Lessons learned from the Forgejo v15 release blocker

Henry Catalini Smith

A pull request of mine recently needed to be reverted due to a visual bug in order to unblock the release of Forgejo version 15. This was about 10% embarrassing, 10% frustrating, and 80% really really interesting. I learned a whole bunch about Forgejo’s code and release process, as well as my own biases and focus areas to become a better contributor. It would be a good problem to have if more people like me came along to contribute and made mistakes like these. I figured I’d write down what I learned so that it’s easy to pay it forward.

Open source release cycles are so different to typical private sector release cycles. It’s been more than ten years since I last worked somewhere where something like backporting fixes to older releases was a concern. Every job since then has been somewhere between continuous deployment and biweekly releases. You can afford to have more of a push-and-pray attitude to quality in that kind of environment, since mistakes can be mopped up in the next release. I hadn’t noticed how much my habits had been shaped by that context until seeing them fail in this one.

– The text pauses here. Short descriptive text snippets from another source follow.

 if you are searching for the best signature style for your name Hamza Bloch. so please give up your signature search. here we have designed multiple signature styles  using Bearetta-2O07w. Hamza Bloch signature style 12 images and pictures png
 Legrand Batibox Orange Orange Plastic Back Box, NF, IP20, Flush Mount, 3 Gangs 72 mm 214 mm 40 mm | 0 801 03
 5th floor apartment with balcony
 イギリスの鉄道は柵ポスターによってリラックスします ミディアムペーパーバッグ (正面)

Another bias it helped me to notice is related to tools. The dominance of components as the primary front end building block in recent years has taught me to think of each UI element as its own self-contained little world. I’d updated the HTML template and the most relevant-looking associated CSS so the job felt very done at some subconscious level. The idea that other layers of further-away CSS might also be in play simply did not occur to me due to this component-centric mindset.

A third bias I discovered was that I had a little too much faith in my own process. For example, I’m utterly meticulous about providing “before” & “after” screen recording demos for fixes like these. The act of producing these videos is a key moment in my process. Because it requires distilling the change down into a bitesize comparison and capturing it visually, it’s the moment where I catch most of my “oh shit, I nearly missed that!” bugs. In this case, due to the bug being in a visual detail I wasn’t trying to change and relating to CSS code that wasn’t in the diff, I missed this one anyway even though it’s clearly visible in the “after” video on the pull request.

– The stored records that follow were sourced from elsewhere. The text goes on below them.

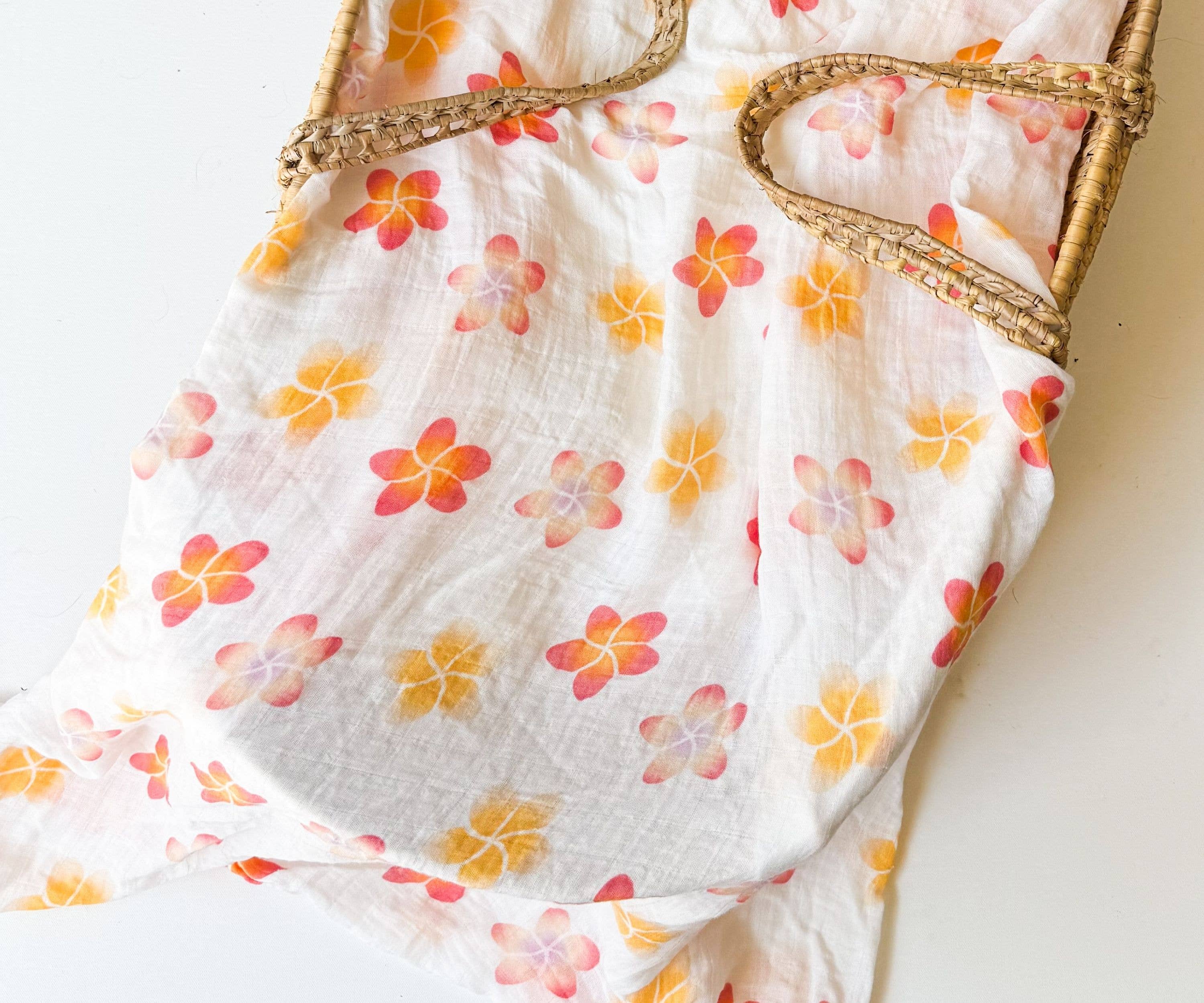 Tropical Floral Organic Bamboo Swaddle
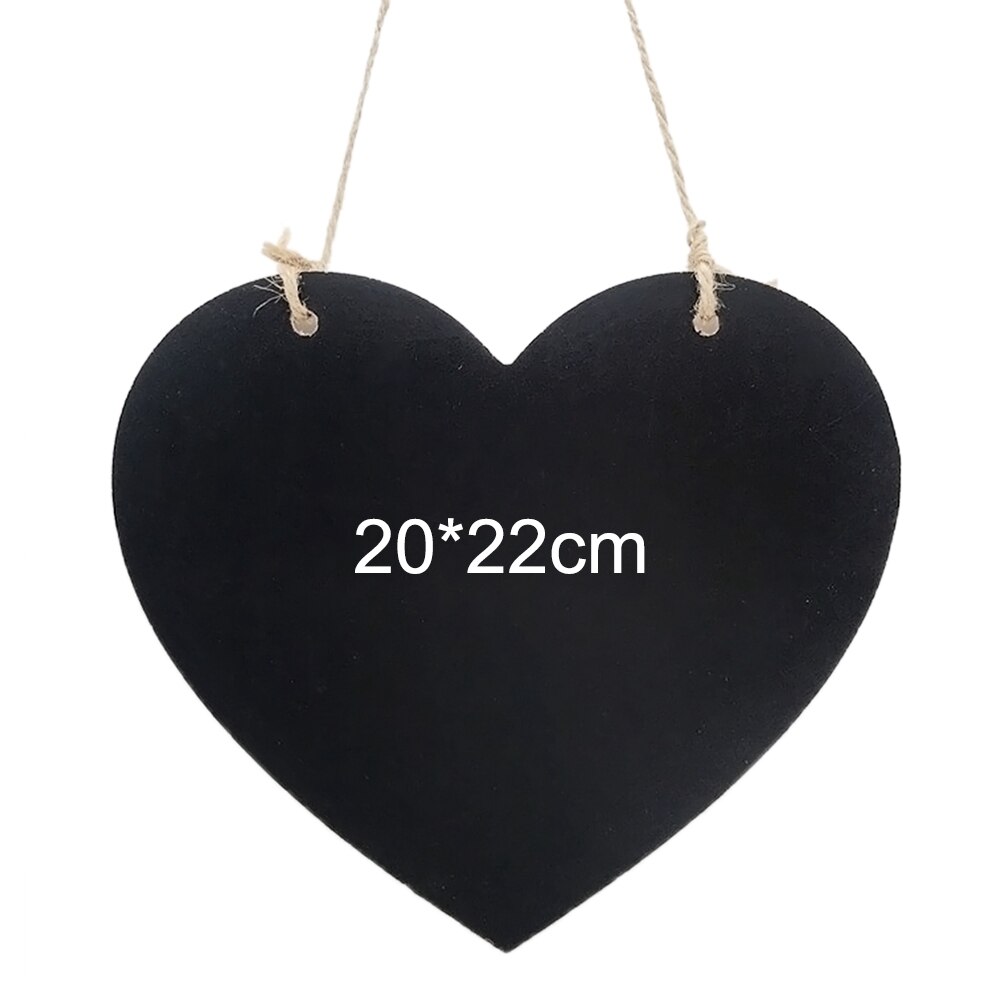 1* Love Heart Shape Blackboard Hanging Blackboard Erasable
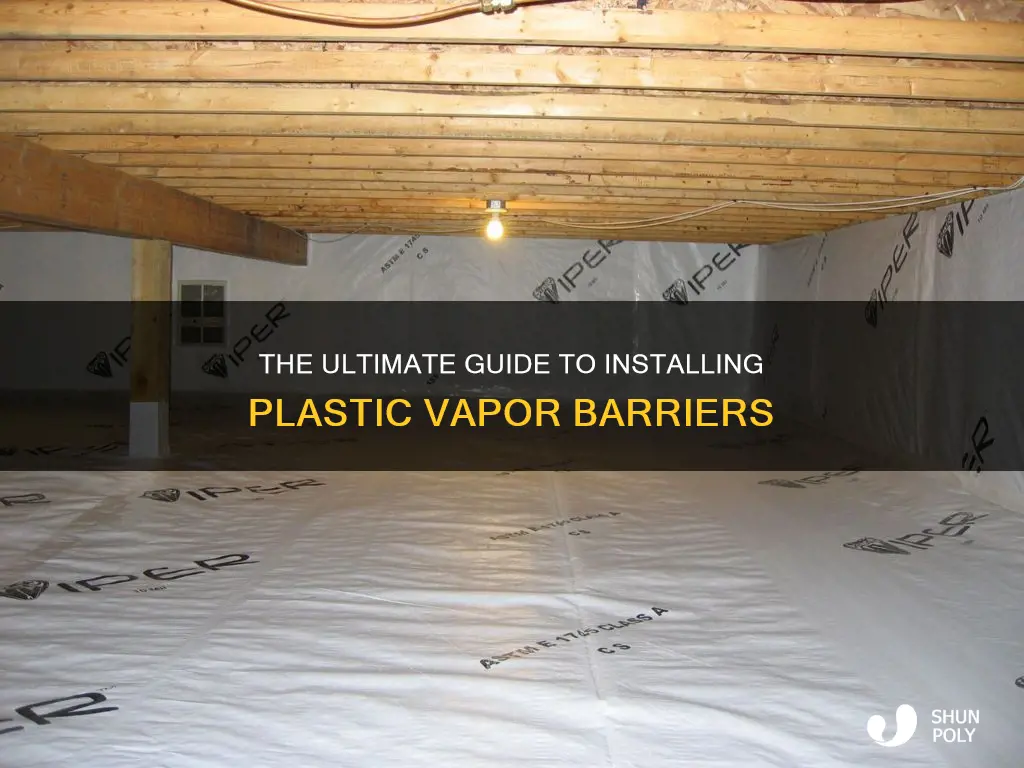 how to install plastic vapor barrier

Something that went very well here, though, was the fast turnaround on the revert pull request. In the regression issue thread I estimated that fixing it would take several days and offered to revert the original PR instead to unblock the release. I’m glad we went with that option. My stress level was immediately back at baseline once I’d created the revert pull request.

Another positive was that the new perspective resulting from the mistake made me understand how overextended and sloppy I’d become. The same mistake was present in another open pull request of mine, I learned. So I closed it, along with a few others, to give myself some thinking time and free up maintainer resources to work on the release instead.

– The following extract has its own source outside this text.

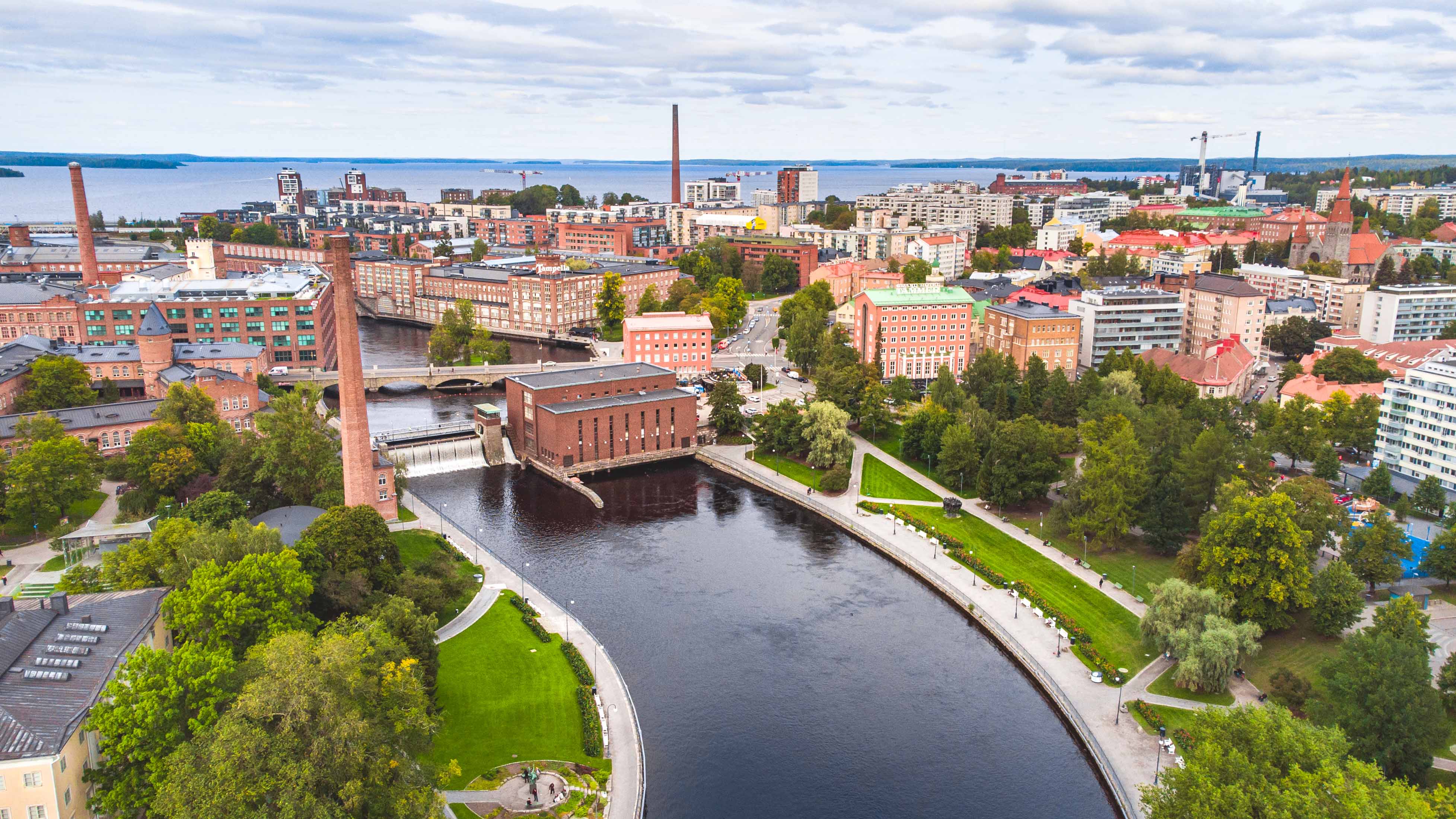 Tampere, Finland cityscape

That thinking time went more or less like this: I feel utterly determined to continue contributing to this project, but also some embarrassment and frustration about the level of quality of some of my work so far. How can I tweak my approach in order to get those levels somewhere satisfactory despite being quite unfamiliar with the code still?

One technique I love for catching unexpected visual differences between two versions of a webpage is to open the old version and the new one in adjacent tabs and rapidly jump back and forth between the two tabs. The speed is key, because it gives the differences an almost animation-like quality and makes them jump out of the screen at you. I decided to figure out a workflow to bring this check into my process.

What I came up with involves checking out the forgejo (i.e. main) branch, building and running the application and opening a tab showing the feature being worked on, then switching branches and repeating the process there. At that point you have a “before” tab and an “after” tab and can use the rapid tab switching technique to surface any unexpected changes.

Here’s a demo! I run each command in sequence on the left, and then at around 00:36 when both tabs are ready I begin switching back and forth between them. The visual bug jumps out at you very clearly.

Given that structural HTML changes are such a key part of accessibility retrofitting and that Forgejo’s approach to selectors couples its CSS quite tightly to the structure of the HTML, I think this technique is going to be critically important to be able to deliver the necessary amount of retrofitting work without these kinds of regressions. And hopefully it can be of use to others who show up to help in the future too!